● Given data
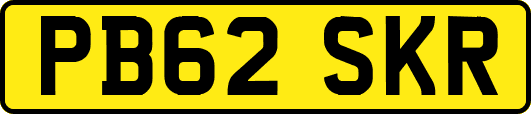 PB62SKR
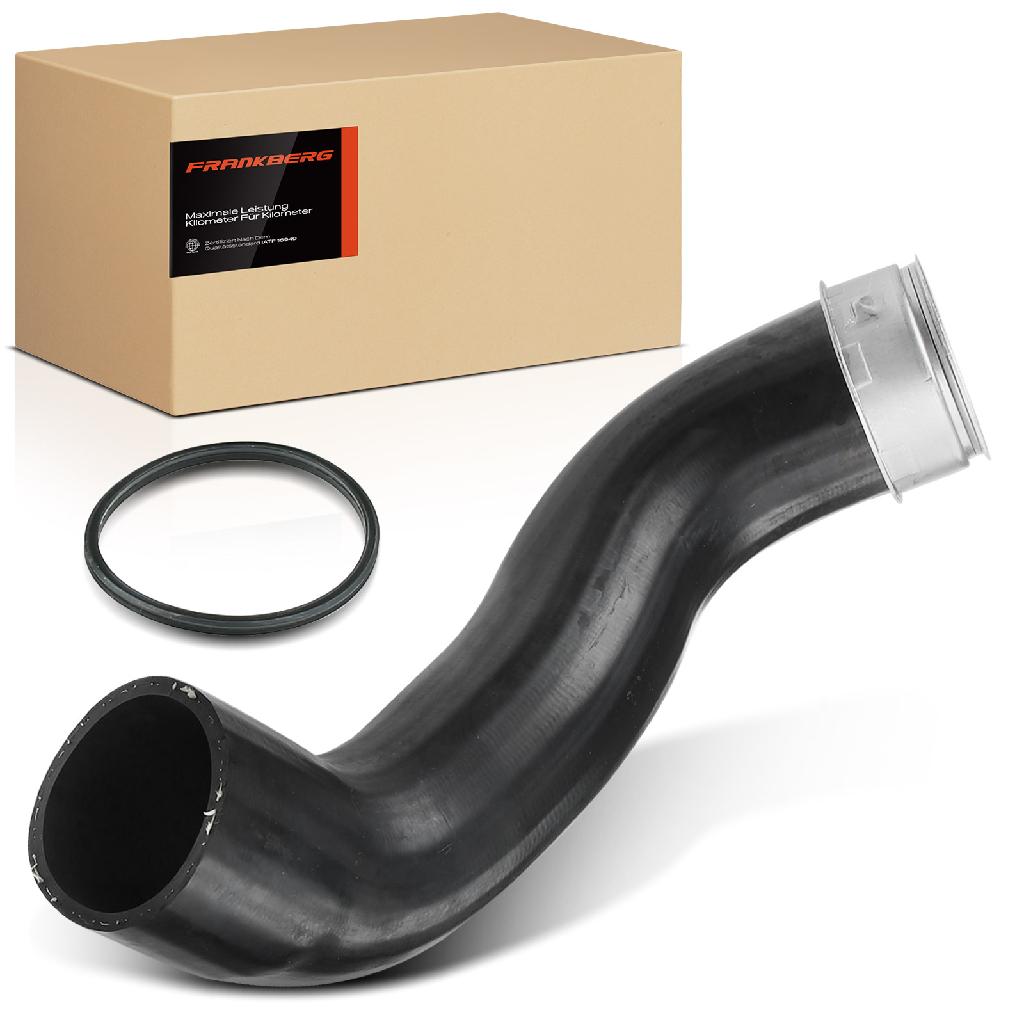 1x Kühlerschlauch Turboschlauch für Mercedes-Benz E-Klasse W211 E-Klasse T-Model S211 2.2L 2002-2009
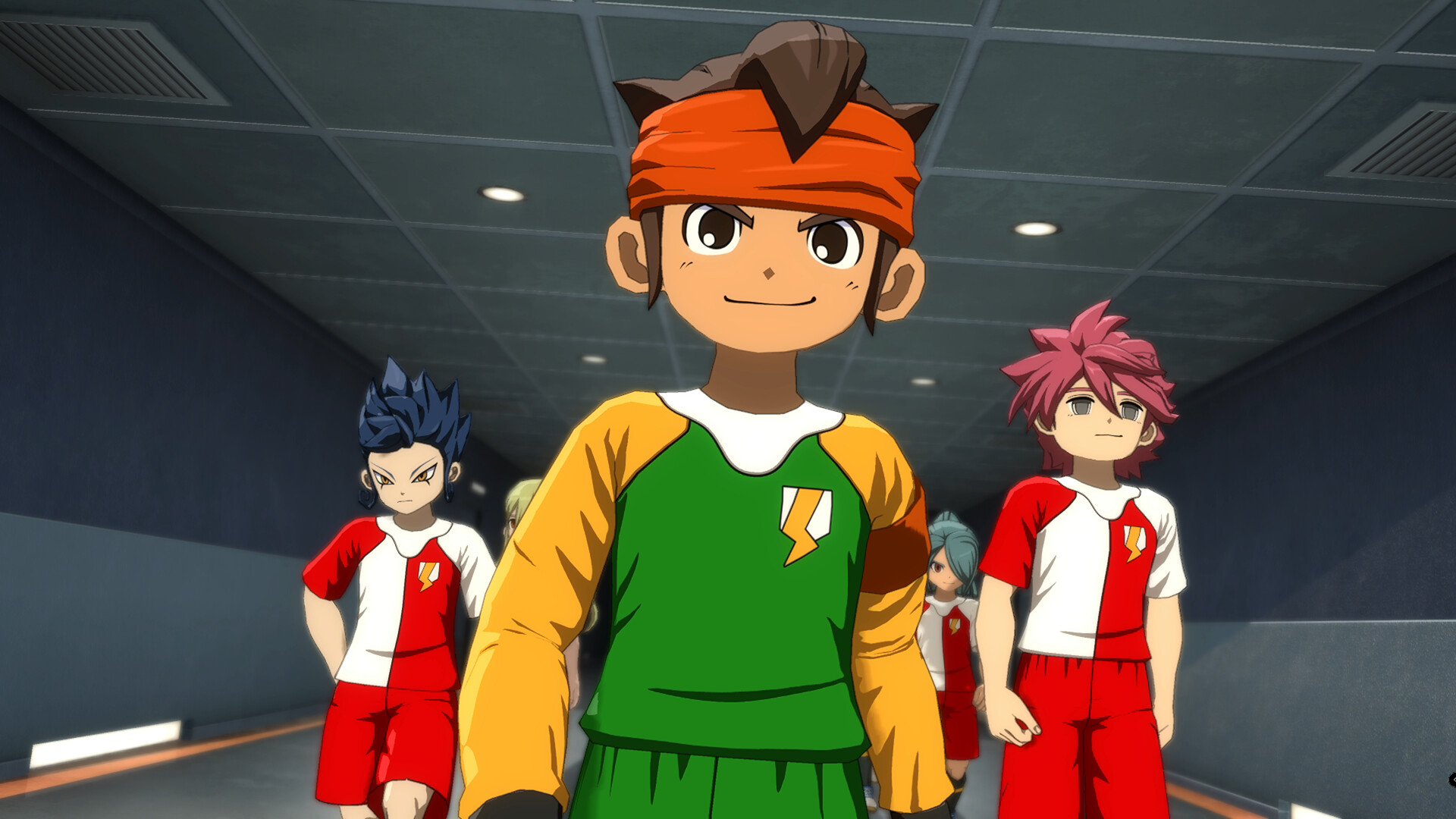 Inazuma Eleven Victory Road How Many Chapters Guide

● What is expected
With pictures omitted, copy exactly the lines from the one containing "1x Kühlerschlauch Turboschlauch" through the final line of the listing, both included.

● Expected output
 1x Kühlerschlauch Turboschlauch für Mercedes-Benz E-Klasse W211 E-Klasse T-Model S211 2.2L 2002-2009
 Inazuma Eleven Victory Road How Many Chapters Guide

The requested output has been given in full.